The real difference is that when I listen to music in my car I now hear the harmony rather than the melody. This has something to do, I presume, with how the speakers in my car work. The difference is especially pronounced when I'm in the passenger seat. On our recent trip to Arizona, a few times I couldn't tell what song we were listening to until we got to the chorus - even when the songs were ones I've known by heart since I was in college.
I love to sing; I was a singer in high school and I'm an alto. This hearing anomaly would have come in mighty handy back then as I, along with all the other altos, struggled to sing harmony while high-pitched sopranos shrieked well-known melodies in our ears. Now, in my car, I happily belt the harmony, almost undistracted by the melody when I'm driving and completely undistracted by it when I'm in the front passenger seat. It's wonderful. Harmonies are so interesting and unexpected; they have a minor-key sort of mystery to them that I've always enjoyed, but never found easy to hear and follow the way I do now.

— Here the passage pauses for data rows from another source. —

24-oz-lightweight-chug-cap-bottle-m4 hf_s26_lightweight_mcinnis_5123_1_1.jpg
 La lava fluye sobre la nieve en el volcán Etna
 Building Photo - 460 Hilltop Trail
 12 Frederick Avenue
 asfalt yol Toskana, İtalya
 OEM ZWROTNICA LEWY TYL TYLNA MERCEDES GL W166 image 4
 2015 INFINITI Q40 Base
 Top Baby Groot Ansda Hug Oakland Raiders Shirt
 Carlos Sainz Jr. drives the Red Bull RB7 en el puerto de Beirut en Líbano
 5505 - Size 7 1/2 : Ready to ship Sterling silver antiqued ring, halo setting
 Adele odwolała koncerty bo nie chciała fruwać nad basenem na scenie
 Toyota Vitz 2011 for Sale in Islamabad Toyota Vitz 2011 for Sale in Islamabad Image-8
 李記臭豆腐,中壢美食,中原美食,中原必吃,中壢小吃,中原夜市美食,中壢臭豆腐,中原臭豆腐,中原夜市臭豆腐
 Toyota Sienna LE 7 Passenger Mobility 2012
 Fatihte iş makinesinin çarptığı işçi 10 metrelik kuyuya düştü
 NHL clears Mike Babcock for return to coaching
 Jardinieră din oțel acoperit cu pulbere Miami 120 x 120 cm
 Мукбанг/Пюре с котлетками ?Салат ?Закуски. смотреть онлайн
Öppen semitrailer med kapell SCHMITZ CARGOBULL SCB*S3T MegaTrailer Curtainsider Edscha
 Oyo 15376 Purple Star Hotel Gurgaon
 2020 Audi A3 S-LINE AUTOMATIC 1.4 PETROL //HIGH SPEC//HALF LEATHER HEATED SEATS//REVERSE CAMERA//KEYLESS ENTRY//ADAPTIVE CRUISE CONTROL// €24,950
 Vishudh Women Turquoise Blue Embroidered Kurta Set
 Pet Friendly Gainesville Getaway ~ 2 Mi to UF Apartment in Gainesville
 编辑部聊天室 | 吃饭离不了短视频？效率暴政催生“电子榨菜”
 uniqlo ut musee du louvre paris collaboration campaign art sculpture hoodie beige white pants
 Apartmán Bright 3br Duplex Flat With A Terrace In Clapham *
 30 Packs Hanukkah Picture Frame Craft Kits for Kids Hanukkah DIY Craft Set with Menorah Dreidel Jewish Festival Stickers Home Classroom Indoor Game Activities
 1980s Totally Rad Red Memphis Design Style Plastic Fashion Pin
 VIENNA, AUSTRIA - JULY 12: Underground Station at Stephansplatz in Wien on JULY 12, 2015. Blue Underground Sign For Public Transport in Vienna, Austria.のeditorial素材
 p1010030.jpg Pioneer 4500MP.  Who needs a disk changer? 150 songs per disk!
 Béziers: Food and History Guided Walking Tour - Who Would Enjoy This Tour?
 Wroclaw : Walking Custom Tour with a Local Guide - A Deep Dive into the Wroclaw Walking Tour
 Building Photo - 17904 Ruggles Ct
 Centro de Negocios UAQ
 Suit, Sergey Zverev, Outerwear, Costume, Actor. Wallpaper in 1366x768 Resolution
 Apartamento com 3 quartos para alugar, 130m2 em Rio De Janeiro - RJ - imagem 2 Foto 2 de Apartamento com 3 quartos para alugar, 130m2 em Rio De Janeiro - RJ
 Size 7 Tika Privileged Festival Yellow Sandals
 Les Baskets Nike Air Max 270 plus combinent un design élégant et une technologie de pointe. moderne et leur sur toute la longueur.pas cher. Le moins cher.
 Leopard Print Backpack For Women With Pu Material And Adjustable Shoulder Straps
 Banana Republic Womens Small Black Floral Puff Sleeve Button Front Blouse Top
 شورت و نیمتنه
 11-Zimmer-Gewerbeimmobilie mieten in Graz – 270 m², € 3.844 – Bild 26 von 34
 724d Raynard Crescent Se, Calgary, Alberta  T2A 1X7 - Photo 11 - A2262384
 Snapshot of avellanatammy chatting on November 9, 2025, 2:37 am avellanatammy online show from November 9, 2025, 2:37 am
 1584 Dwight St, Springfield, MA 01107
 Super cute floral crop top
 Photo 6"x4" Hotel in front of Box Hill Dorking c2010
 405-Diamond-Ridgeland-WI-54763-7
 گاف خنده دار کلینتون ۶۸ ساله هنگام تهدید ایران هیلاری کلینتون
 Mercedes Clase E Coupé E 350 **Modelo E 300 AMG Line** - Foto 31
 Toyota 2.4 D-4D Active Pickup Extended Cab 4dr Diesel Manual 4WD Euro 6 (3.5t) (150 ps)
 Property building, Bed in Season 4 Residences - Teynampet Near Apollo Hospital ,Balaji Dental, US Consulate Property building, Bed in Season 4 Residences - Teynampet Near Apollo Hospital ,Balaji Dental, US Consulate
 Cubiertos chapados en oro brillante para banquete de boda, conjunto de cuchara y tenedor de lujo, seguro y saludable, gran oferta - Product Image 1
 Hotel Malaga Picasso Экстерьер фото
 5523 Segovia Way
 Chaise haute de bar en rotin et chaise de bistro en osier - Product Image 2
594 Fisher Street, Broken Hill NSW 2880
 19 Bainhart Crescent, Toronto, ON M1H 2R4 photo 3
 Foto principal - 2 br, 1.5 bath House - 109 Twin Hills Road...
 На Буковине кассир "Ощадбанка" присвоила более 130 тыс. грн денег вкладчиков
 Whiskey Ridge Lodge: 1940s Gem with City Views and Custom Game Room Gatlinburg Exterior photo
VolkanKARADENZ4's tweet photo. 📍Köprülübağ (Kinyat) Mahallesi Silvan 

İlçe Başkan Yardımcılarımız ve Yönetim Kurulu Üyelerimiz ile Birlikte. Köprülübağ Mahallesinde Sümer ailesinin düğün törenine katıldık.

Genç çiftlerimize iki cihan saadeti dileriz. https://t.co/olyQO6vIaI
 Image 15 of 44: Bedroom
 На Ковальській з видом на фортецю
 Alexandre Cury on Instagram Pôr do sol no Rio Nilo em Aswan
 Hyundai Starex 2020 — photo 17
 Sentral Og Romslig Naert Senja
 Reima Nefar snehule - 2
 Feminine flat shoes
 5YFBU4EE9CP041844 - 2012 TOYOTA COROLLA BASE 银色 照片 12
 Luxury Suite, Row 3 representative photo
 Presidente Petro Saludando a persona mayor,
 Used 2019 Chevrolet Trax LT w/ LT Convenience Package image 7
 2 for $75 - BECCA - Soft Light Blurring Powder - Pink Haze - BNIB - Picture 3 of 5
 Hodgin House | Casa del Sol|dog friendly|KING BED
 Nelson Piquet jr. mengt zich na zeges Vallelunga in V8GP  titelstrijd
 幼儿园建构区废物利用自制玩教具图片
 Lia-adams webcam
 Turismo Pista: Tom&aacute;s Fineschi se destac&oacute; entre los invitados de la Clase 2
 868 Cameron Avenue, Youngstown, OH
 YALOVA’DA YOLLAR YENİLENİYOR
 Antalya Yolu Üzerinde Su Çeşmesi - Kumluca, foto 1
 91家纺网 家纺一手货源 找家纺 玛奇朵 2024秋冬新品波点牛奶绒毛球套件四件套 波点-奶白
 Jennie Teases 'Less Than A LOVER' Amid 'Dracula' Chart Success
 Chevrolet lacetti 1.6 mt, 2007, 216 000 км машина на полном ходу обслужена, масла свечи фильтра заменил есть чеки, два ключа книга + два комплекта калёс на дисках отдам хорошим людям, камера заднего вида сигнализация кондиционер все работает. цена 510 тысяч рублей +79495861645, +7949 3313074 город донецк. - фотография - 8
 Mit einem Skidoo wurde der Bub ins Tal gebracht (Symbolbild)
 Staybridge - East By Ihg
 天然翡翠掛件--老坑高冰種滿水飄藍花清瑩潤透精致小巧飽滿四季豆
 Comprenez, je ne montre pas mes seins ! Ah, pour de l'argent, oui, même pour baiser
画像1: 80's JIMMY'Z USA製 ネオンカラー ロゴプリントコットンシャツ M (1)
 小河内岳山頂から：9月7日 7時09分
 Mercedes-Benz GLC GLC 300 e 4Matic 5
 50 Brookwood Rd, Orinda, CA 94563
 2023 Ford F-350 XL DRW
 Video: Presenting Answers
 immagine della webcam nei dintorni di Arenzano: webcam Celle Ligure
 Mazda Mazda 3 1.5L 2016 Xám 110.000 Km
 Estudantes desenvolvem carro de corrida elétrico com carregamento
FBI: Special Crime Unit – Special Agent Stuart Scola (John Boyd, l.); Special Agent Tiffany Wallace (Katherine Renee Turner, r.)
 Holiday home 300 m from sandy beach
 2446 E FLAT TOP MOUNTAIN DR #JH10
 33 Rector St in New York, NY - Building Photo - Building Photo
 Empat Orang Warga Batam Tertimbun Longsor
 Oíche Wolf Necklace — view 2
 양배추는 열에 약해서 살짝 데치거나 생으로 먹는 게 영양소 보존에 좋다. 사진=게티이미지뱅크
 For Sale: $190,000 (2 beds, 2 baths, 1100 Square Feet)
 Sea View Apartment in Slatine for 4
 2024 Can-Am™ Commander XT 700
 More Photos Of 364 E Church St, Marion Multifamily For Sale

Could I have taught myself to hear this selectively before it was my only option? I suppose so. Had I continued to take voice lessons or tried to sing professionally in some way, I would have had to become a more reliable alto - not one who, like many, occasionally and furtively slipped into singing the melody. But tuning out the melody and singing a harmonious, but different tune is hard, especially when the melody is one you know and like. Literally and metaphorically speaking. How cool that a so-called disability has given me an ability I lacked. Makes me wonder what other skills I could develop by experiencing things differently.